Quand La Chine sollicite les petits opérateurs : Propriété viticole, marque de Cognac

27 juin 2013

Que ce soient les vendeurs directs ou les petites maisons de Cognac, ils le disent tous. Il ne se passe pas de semaine où ils ne reçoivent sur internet une ou plusieurs sollicitations de Chinois (ou de Français vivant en Chine) pour acheter du Cognac et le revendre. A coup sûr Vinexpo, du 16 au 20 juin 2013 à Bordeaux, verra une floraison de ces demandes. Voilà environ trois ans que le phénomène existe, porté par le « boom » du Cognac en Chine. Quelles réponses les opérateurs du vignoble accordent-ils à ces sollicitations ? Les quatre témoignages qui suivent reflètent une diversité d’opinions. Un viticulteur-vendeur direct vient de franchir le pas. Sa première commande est en voie de groupage. Les conditions lui convenaient. Il ne s’est pas trop posé de questions. Juste a-t-il pris la précaution de « border » le paiement (70 % à la commande, les 30 % restant au départ du chai). Le risque est donc sous contrôle. L’un de ses collègues exprime, lui, le peu d’intérêt pour ce genre de proposition. Il craint « les coups sans lendemain » et parle d’un autre métier, dont il ne maîtrise ni les codes ni la culture. « Ce n’est pas pour moi. » Un récoltant déjà frotté à l’export a répondu positivement à certaines approches, mais sans suite. Les contacts n’ont jamais abouti. Aujourd’hui, il se montre particulièrement critique. « Il ne faut pas rêver. Ces gens-là sont à la recherche de prix. Ils vendraient père et mère pour faire des affaires. » Il considère les intermédiaires qu’il a rencontrés comme peu professionnels. « Ils ne s’intéressent pas au produit. » Château de Beaulon, l’archétype de la maison « de propriétaire », a mis un pied en Chine. Elle ne le regrette pas, même si elle estime « que c’est compliqué ». « Ce n’est pas forcément la philosophie d’une petite maison ». Malgré tout, démonstration est faite que c’est possible.

 

 

Propriété viticole en Grande Champagne, marque de Cognac

J. F M – « Des mails, j’en reçois pratiquement un par jour. Cela s’est un peu calmé cet an-ci et encore.

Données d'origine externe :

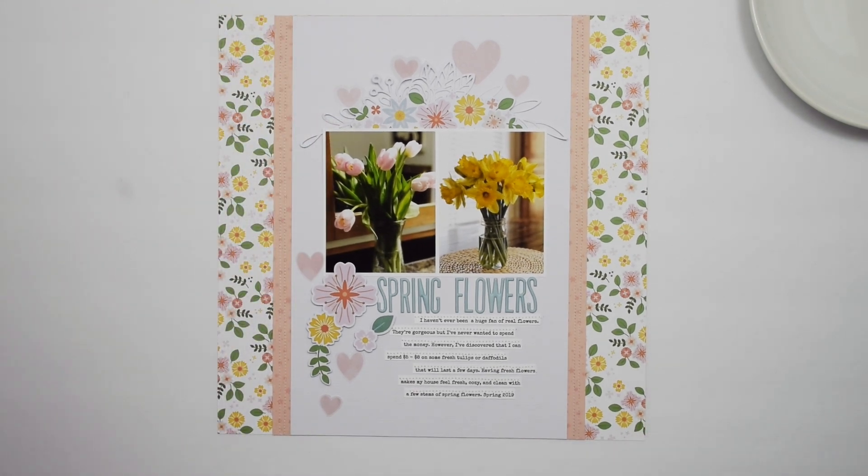With that, I'm going to call this one finished. Thank you so much for stopping by — I'm so happy to have you here on my YouTube channel. If you haven't already, I would love to have you as a new subscriber. I upload new videos on Sunday and usually one or two throughout the week. If you would also give this video a thumbs up, I would appreciate it — it lets YouTube and me know that this is the kind of content you'd like to see. Thank you again and I'll see you soon!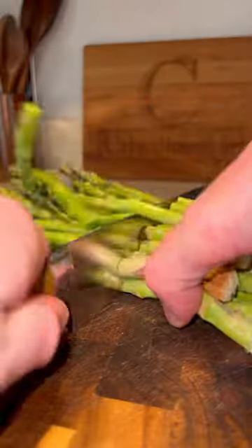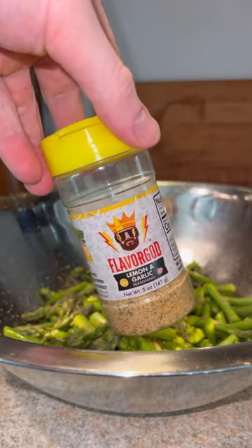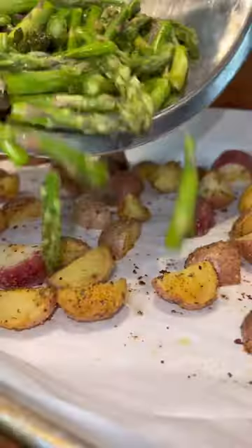While those are in the oven, we're going to prep our asparagus. Cut it up into a bowl — olive oil, salt, pepper, Flavor God lemon and garlic seasoning. Give it a good toss. Take out the potatoes, add those to the baking sheet, and mix them together.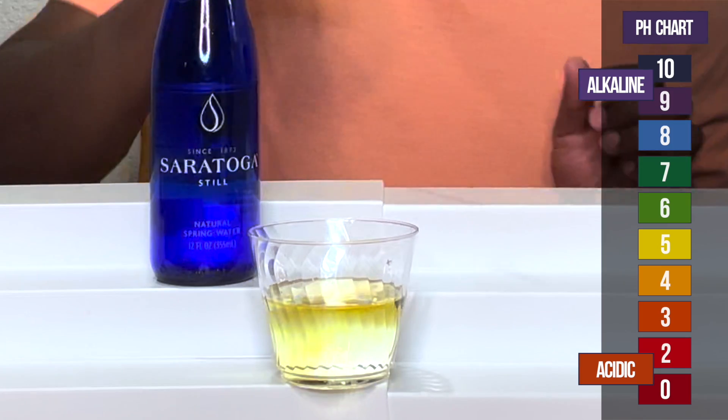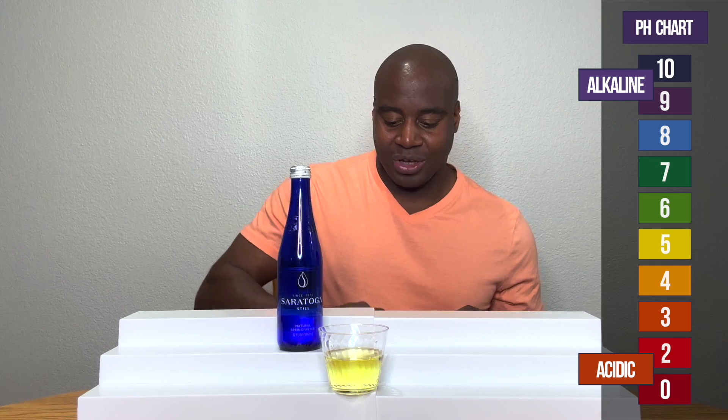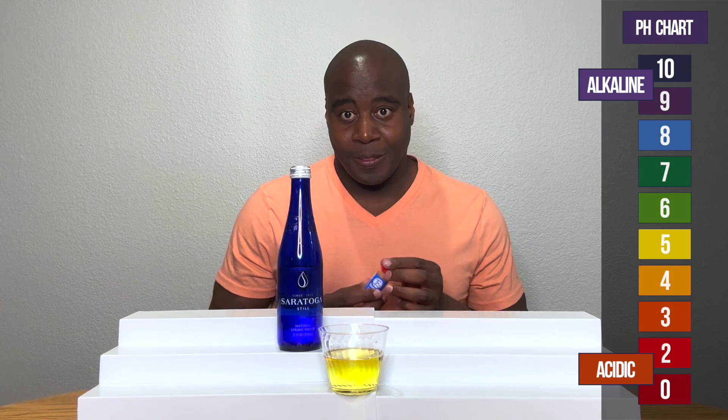That looks acidic to me. Let me know what y'all think in the comments. That looks pretty acidic. Yeah, that's acidic.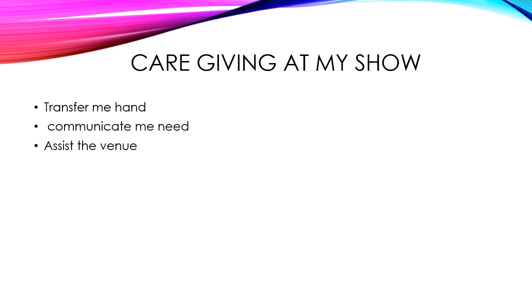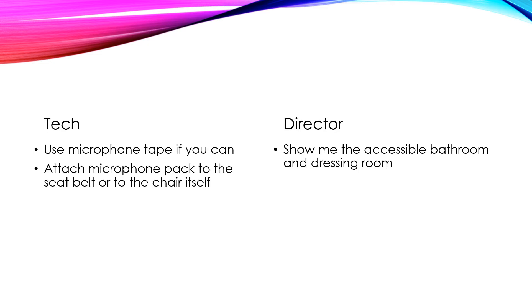It is truly important that the directors and the caregivers all respect each other and work as a team. If you are on tech crew and someone in a wheelchair is part of the cast, there are a couple of things you might want to keep in mind.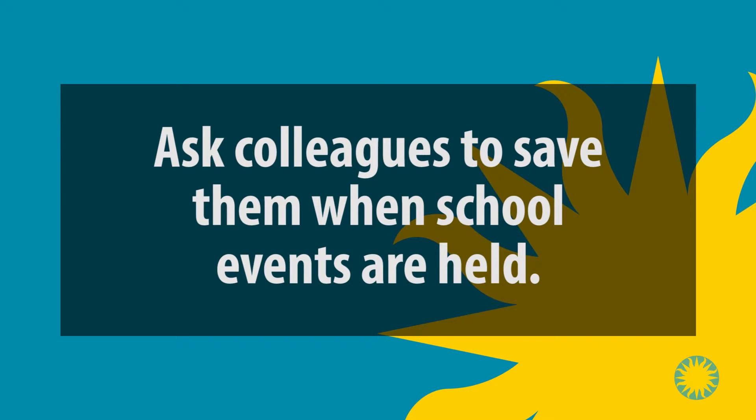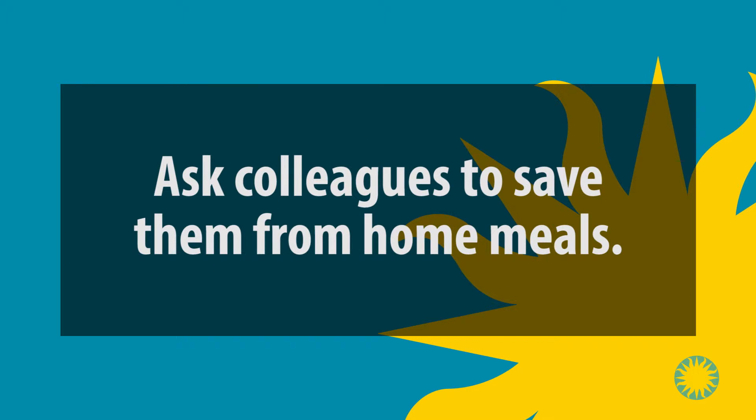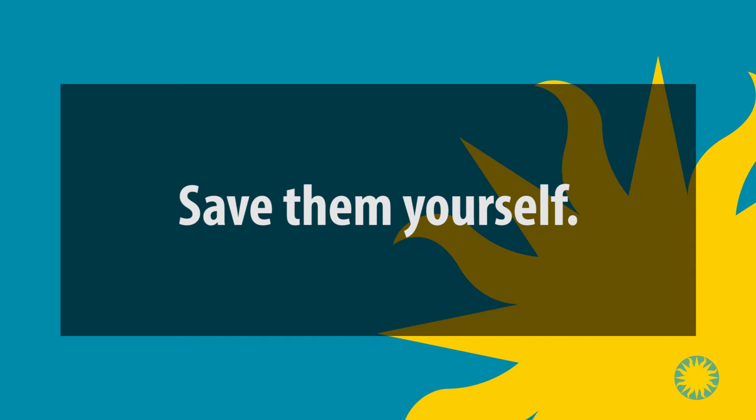Ask colleagues to save them when school events are held that include serving sodas, such as celebrations, staff dinners, parents' night, etc. Ask colleagues to save them from home meals. Save them yourself.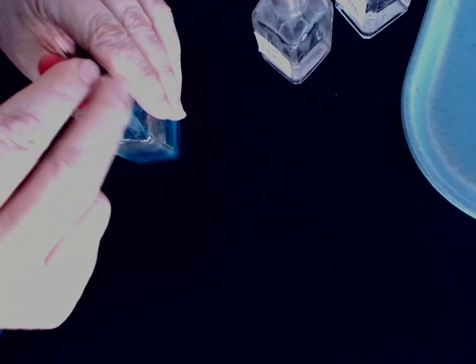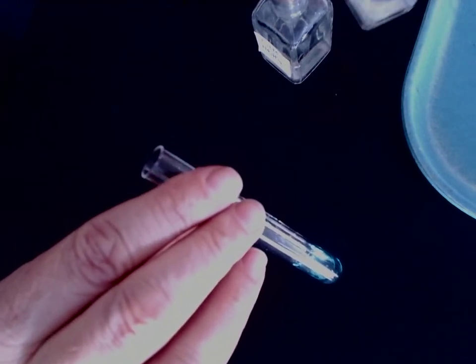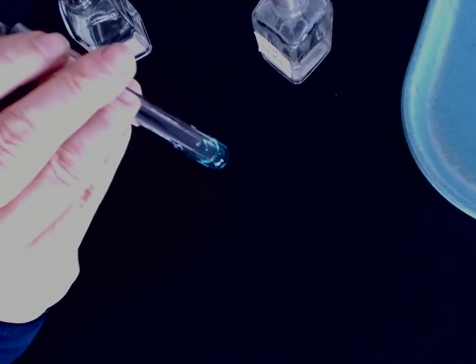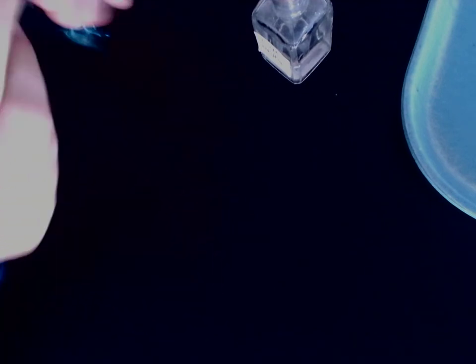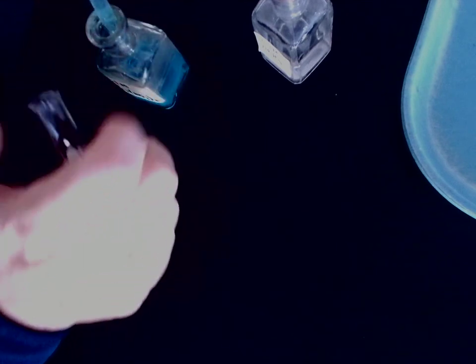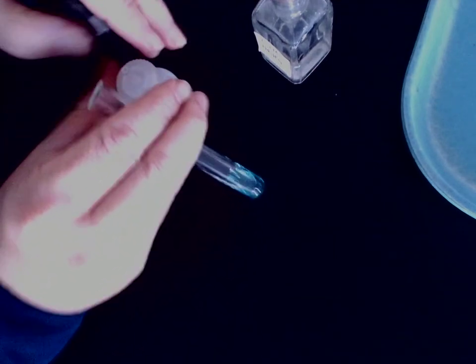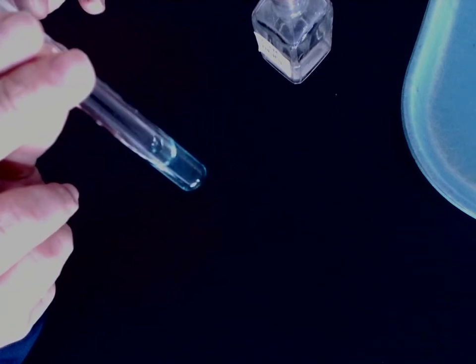Next up, copper nitrate with zinc nitrate — there's the copper nitrate, here comes the zinc nitrate. And then next up is copper nitrate with magnesium nitrate — here comes the magnesium nitrate, there you go.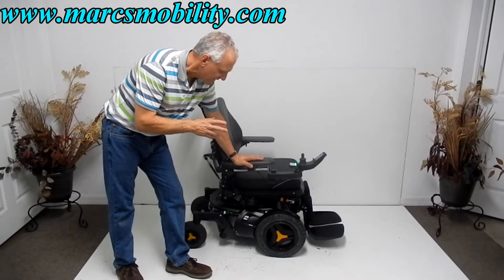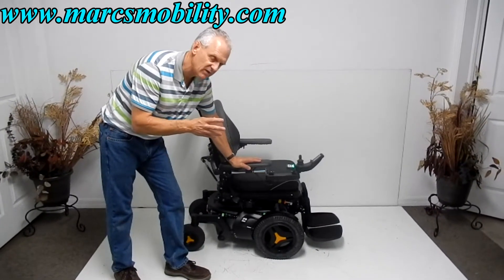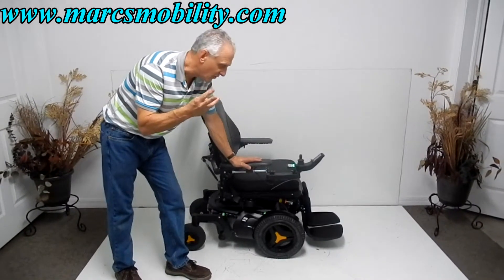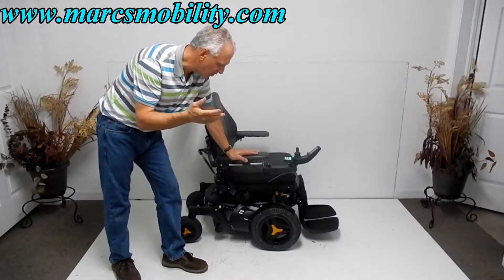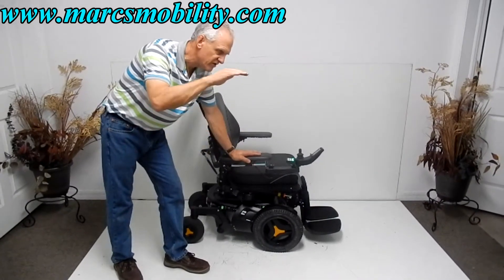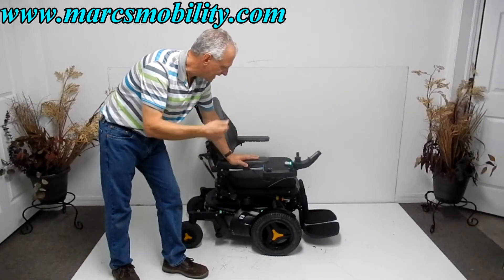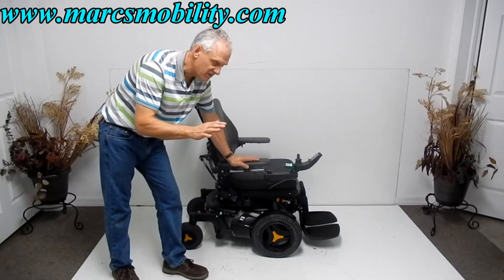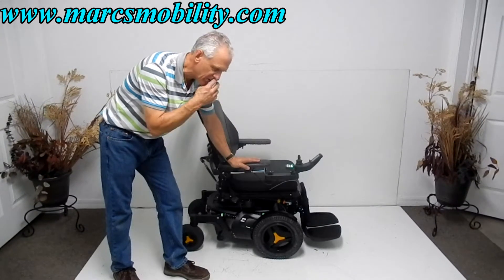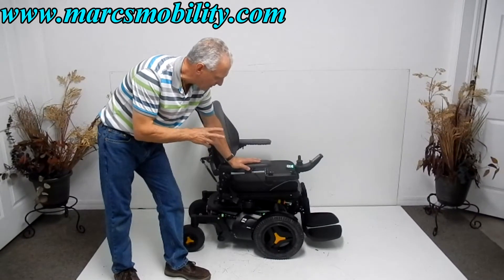This power chair is exactly one year old — July of 2016, so it's about a year old. It has three miles, so it's practically brand new. It's fully loaded. It has a 12-inch seat lift, the electric tilt, the electric recline, the electric legs — it has everything. It has a swing-away joystick. These are very popular right now because these are the top of the line.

Ce sont des gens de Chine ou des Français établis en Chine qui, tous, souhaitent vendre du Cognac en Chine. La plupart du temps, je n’y fais pas attention sauf quand il y en a un qui semble avoir un peu plus les pieds sur terre. En ce moment, je discute avec 4-5 opérateurs différents et je viens de conclure avec l’un d’eux. Il est venu à la maison. Ce qu’il a goûté lui a plu. Il s’exprimait dans un anglais impeccable. Il m’a proposé 5 000 bouteilles par an (un mix VS, VSOP et XO), à un prix qui me convenait. Avec de telles quantités, je ne vais pas inonder le marché mais, en ce qui me concerne, je considère qu’il s’agit d’une très bonne commande. Contrairement à certains autres importateurs, il a compris qu’un viticulteur n’était pas capable de lui fournir un container tous les trois mois. Il pratique le groupage. Apparemment, je fais partie de la seconde commande qu’il passe avec des gens du coin. La première commande a été expédiée en fin d’année. J’ignore où va la marchandise, dans quelle région, pour quel type de distribution – les acheteurs se montrent peu diserts – et je ne sais pas non plus s’il y en aura d’autres. J’ose quand même l’espérer. C’est justement parce que je n’étais pas adepte de “faire un coup” que je fus très longtemps réticent à ce genre de proposition. Mais, pour continuer à fonctionner, nous avons tous besoins de liquidités. Je viens d’embaucher un salarié. Il faut le payer. Par ailleurs, je ne mets pas tous mes œufs dans le même panier.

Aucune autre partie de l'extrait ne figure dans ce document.